Im trying to make an genetic algorithm runs the candidates parallelly using multiprocessing. So i did a code like this
import multiprocessing as mp
...
parents = []
queue = mp.Queue(maxsize=poolSize - 1)
processes = []
for _ in range(poolSize - 1):
processes.append(mp.Process(target=generate_parent, args=(queue,)))
for process in processes:
process.start()
for process in processes:
process.join()
for _ in range(poolSize - 1):
parents.append(queue.get())
Something gone wrong and I just don't know what. When I tryied debugging the code I saw when it gets to "process.start()" the execution just stops as if it has got to a "while True: continue". The same happens when I try to execute it normally, the code stucks at some point but it doesn't stops the process or raises any error.
I'm newbie for multiprocessing and general parallelism stuff and i would be glad if someone could help me.
The whole code is here: https://github.com/estevaopbs/Molpro_tools
This specific problem is in genetic.py line 144. (I know there are some another problems in the code. I'm solving it and they are not supposed to impact in this specific problem.)

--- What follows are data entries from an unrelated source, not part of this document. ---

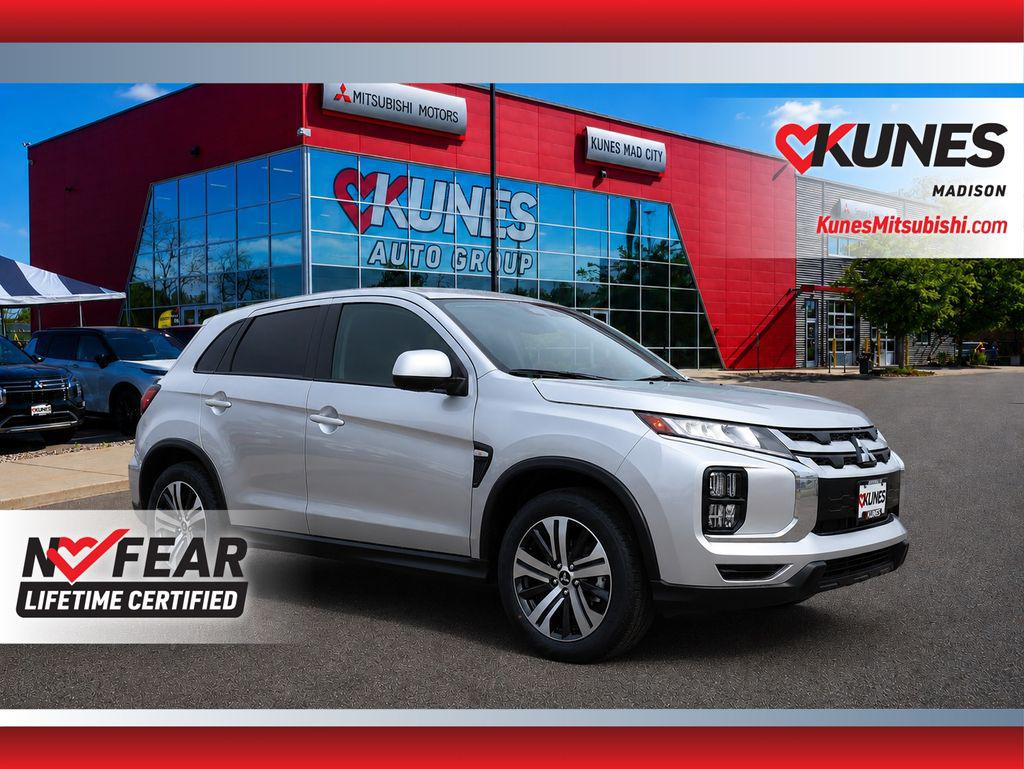 New 2026 Mitsubishi Outlander Sport 2.0 ES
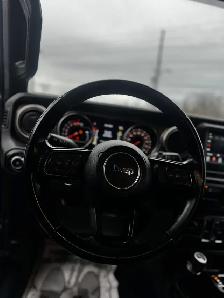 2020 Jeep Wrangler Unlimited Sport | NO ACCIDENT | SAFETY |CLEAN - Photo 22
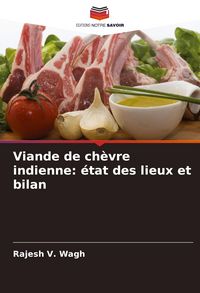 Produktbild: Viande de ch&egrave;vre indienne: &eacute;tat des lieux et bilan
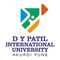 DY Patil International University - [DYPIU] logo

It looks like the problem is here (and if it's not, it's still a trouble spot):
def fn_generate_parent(queue=None):
while True:
try:
parent = Chromosome()
parent.Genes = create_lookup[random.choices(create_methods.methods, create_methods.rate)[0]]\
(first_molecule)
parent.Fitness = get_fitness(parent.Genes, fitness_param, threads_per_calculation)
break
except:
os.remove(f'data/{parent.Genes.__hash__()}.inp')

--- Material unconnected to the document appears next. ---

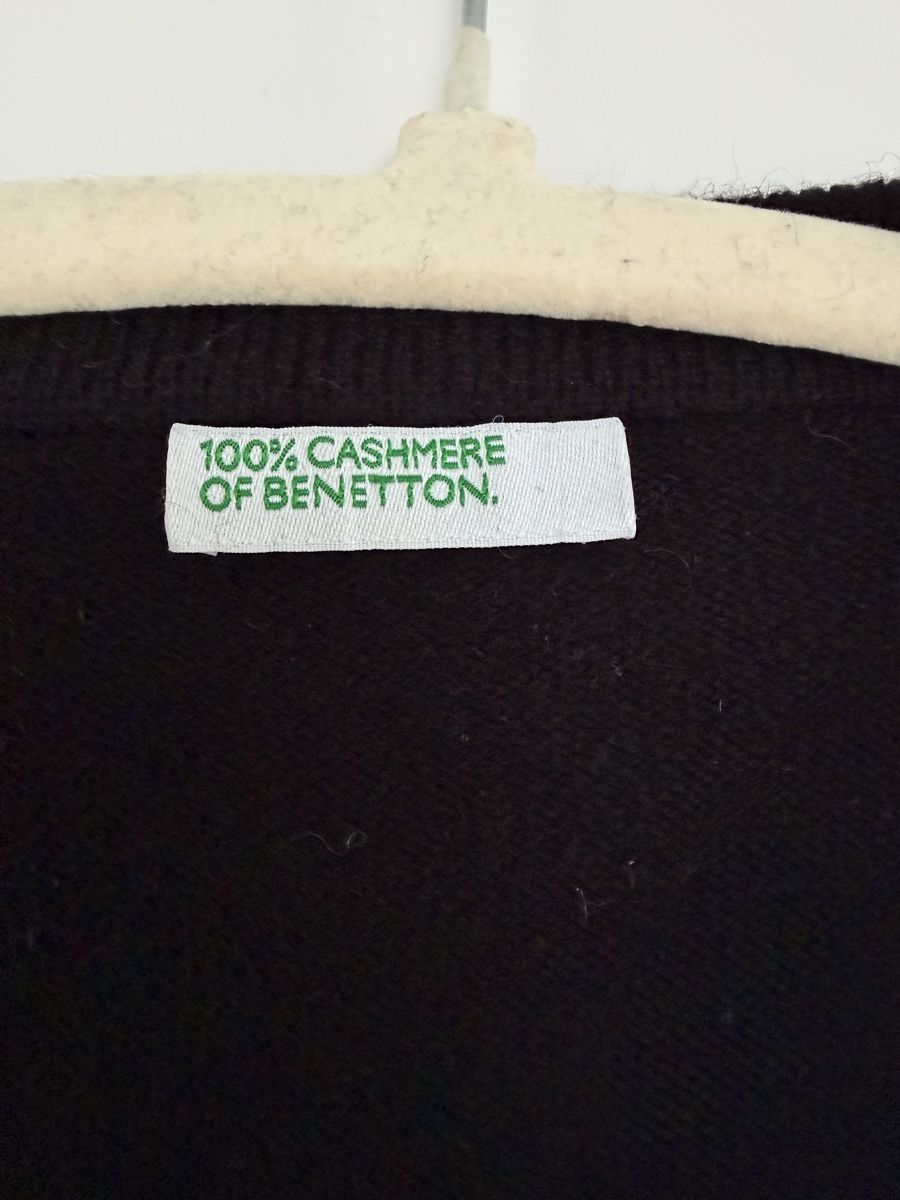 Benetton Pulls & Sweat-shirts: Benetton 100% Kashmere Pullover – D'occasion à Bern par nik_2kbk 3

os.remove(f'data/{parent.Genes.__hash__()}.out')
os.remove(f'data/{parent.Genes.__hash__()}.xml')
continue
If there's an exception in the try
block - an undeclared variable, unknown method, division by 0 - the while True
continues as a silent infinite loop.
The problem is that if something goes wrong, the code doesn't take any corrective action or stop, it just quietly continues and possibly keeps encountering the same error. I would remove the continue
or at least augment it with some error messages, logging, or maybe a counter that only retries a few times.